### What is needed
Copy out the entries below exactly as they stand, but only from the line containing "Дом 226м², 3-этажный, участок 7 сот." through the line containing "Poised Dancer –".

Brief descriptive captions
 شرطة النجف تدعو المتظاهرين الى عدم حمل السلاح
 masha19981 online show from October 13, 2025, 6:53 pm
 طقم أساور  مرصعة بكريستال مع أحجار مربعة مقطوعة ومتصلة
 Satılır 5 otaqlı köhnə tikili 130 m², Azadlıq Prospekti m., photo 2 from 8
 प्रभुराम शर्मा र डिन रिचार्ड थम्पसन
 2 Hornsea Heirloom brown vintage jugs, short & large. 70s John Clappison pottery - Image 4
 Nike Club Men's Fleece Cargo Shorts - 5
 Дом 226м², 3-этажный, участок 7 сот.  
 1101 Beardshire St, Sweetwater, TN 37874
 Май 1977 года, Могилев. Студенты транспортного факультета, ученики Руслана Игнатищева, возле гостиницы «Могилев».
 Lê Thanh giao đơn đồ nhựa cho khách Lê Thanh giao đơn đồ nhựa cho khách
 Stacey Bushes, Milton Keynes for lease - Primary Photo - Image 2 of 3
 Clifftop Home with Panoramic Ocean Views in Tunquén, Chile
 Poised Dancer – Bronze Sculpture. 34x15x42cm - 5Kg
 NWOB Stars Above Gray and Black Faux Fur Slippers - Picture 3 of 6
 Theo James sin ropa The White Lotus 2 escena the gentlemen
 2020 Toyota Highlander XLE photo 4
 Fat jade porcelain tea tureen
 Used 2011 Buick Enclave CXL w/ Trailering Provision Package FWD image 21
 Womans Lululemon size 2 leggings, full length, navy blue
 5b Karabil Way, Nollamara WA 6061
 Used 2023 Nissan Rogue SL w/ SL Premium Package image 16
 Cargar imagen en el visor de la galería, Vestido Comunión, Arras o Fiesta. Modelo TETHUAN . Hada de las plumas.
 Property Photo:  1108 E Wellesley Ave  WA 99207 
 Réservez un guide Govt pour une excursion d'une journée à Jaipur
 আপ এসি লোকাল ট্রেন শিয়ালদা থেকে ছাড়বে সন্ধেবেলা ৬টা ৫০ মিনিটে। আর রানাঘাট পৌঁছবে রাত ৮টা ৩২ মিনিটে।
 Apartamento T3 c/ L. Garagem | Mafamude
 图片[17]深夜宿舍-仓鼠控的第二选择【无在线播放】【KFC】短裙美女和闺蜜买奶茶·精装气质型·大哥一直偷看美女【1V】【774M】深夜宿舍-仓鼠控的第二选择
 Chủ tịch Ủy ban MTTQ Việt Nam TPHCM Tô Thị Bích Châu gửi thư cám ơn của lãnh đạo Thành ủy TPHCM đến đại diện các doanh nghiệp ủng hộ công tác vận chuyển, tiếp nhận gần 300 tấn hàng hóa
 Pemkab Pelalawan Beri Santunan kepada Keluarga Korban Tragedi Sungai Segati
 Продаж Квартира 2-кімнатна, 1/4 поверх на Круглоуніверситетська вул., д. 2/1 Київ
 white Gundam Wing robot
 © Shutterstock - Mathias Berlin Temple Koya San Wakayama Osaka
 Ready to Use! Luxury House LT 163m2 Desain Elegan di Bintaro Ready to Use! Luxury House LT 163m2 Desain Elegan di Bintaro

### Solution to the problem
 Дом 226м², 3-этажный, участок 7 сот.  
 1101 Beardshire St, Sweetwater, TN 37874
 Май 1977 года, Могилев. Студенты транспортного факультета, ученики Руслана Игнатищева, возле гостиницы «Могилев».
 Lê Thanh giao đơn đồ nhựa cho khách Lê Thanh giao đơn đồ nhựa cho khách
 Stacey Bushes, Milton Keynes for lease - Primary Photo - Image 2 of 3
 Clifftop Home with Panoramic Ocean Views in Tunquén, Chile
 Poised Dancer – Bronze Sculpture. 34x15x42cm - 5Kg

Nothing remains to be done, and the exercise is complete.